Instructions for the task: A faithful copy is required: transcribe each line below exactly, minus the pictures.

(Dataset items)
* * *

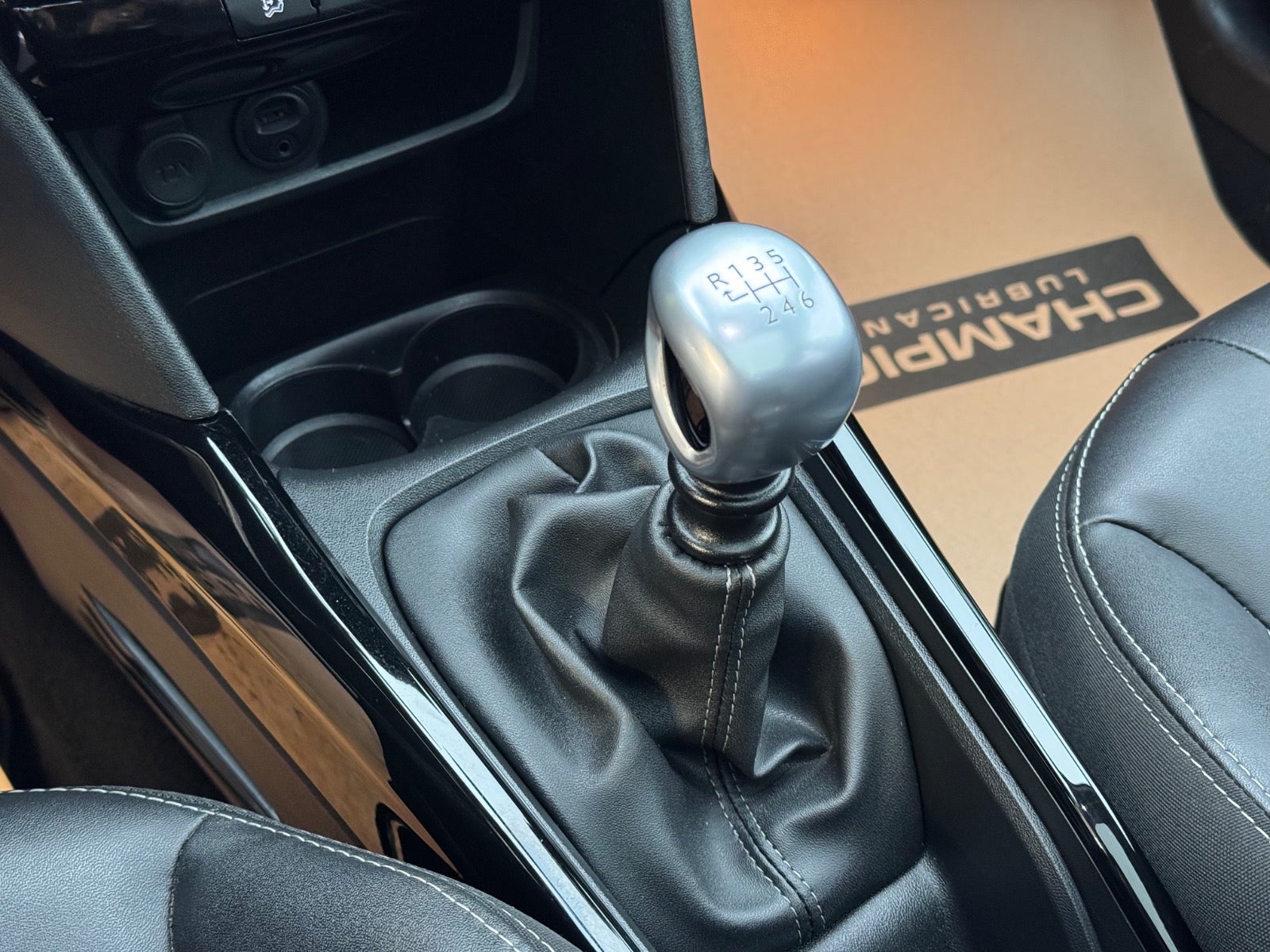 Billede af Peugeot 2008 1,5 BlueHDi 100 Allure Sky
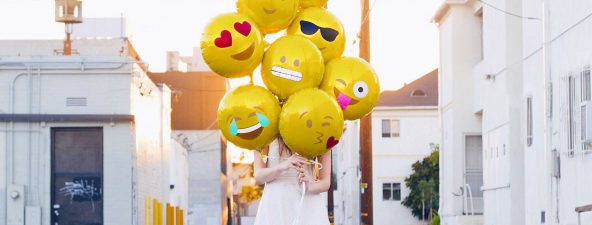 Simple DIY steps to make metallic balloon emoji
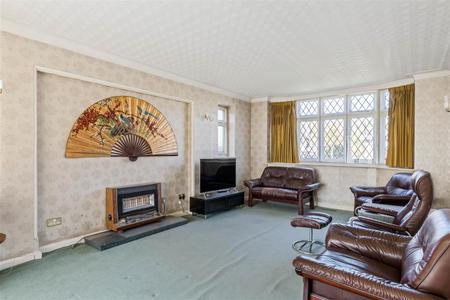 6 bedroom Detached house for sale in Grimwade Avenue, Croydon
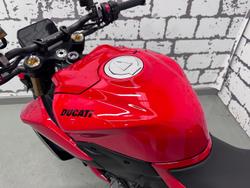 2025 Ducati Streetfighter V2 S Streetfighter Red
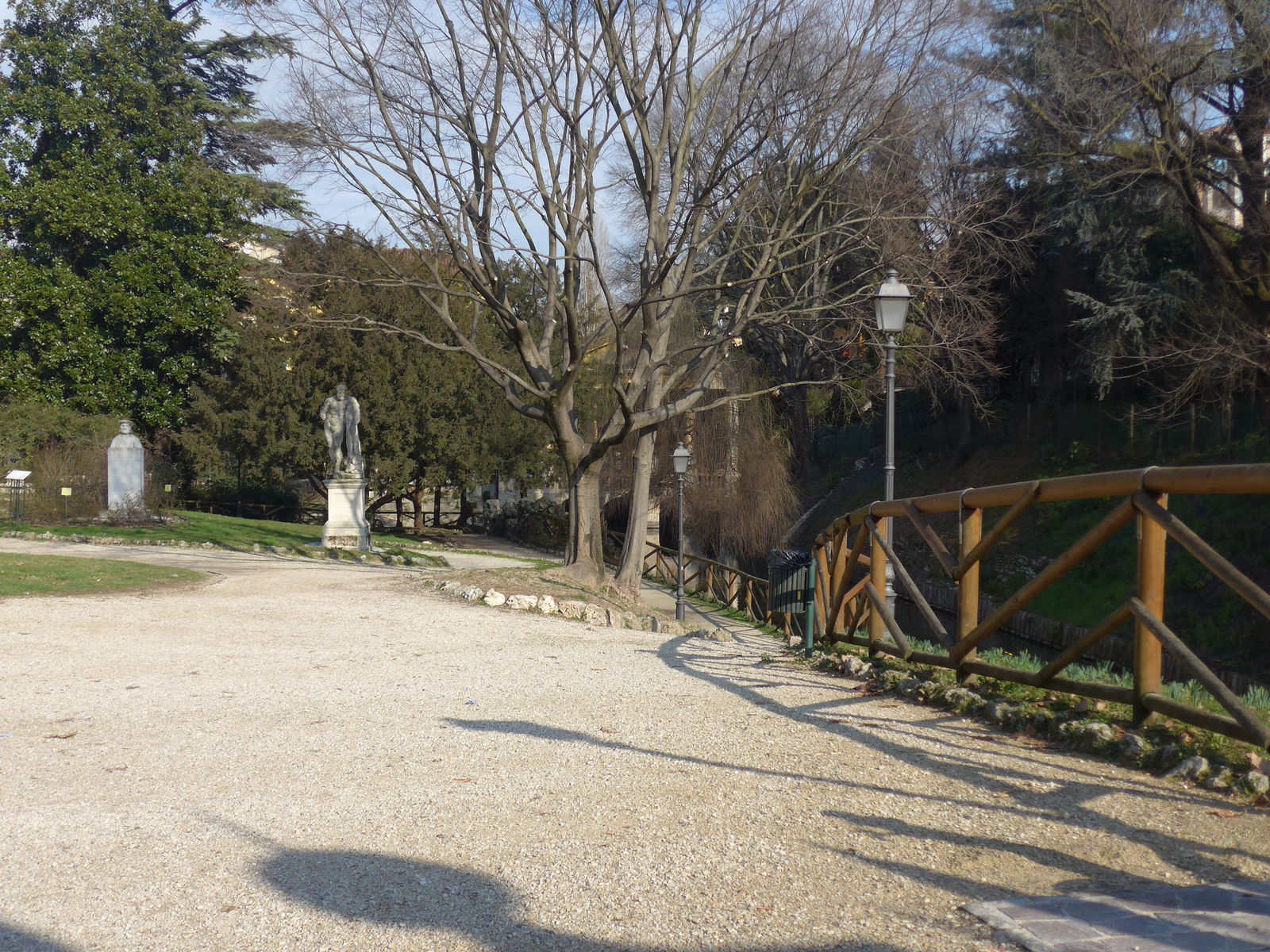 P1930960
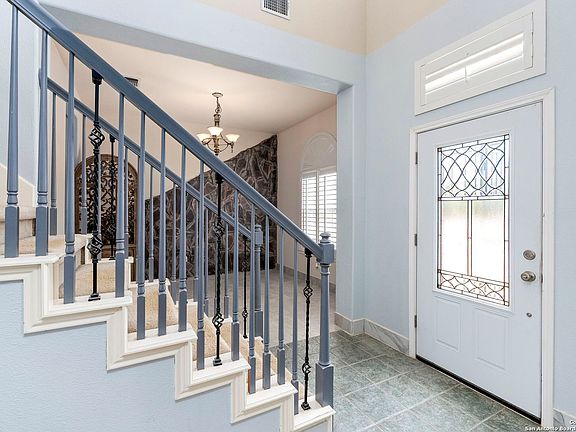 4th image of 416 Meadow View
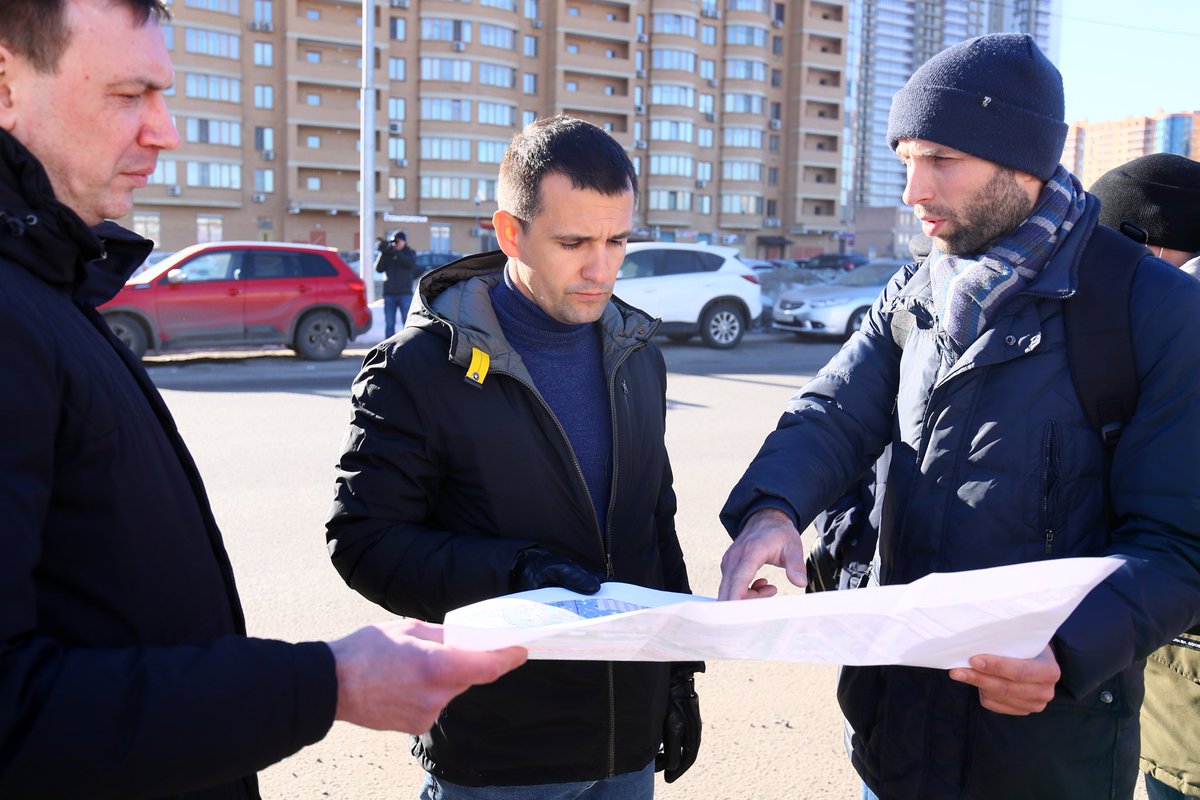 Надземный пешеходный переход соединит южную часть и промзону Реутова. Подробнее: proreutov.ru/news/2022/03/0…

Фото: Алексей Оводов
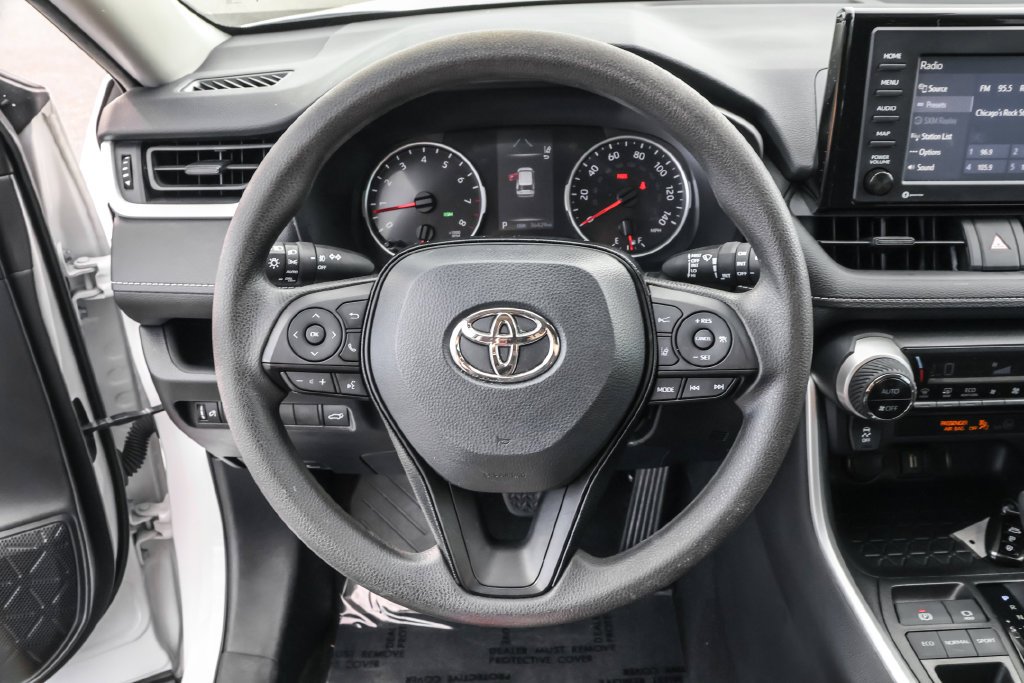 Used 2020 White Toyota XLE image 20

* * *

Exercise result:
 Billede af Peugeot 2008 1,5 BlueHDi 100 Allure Sky
 Simple DIY steps to make metallic balloon emoji
 6 bedroom Detached house for sale in Grimwade Avenue, Croydon
 2025 Ducati Streetfighter V2 S Streetfighter Red
 P1930960
 4th image of 416 Meadow View
 Надземный пешеходный переход соединит южную часть и промзону Реутова. Подробнее: proreutov.ru/news/2022/03/0…

Фото: Алексей Оводов
 Used 2020 White Toyota XLE image 20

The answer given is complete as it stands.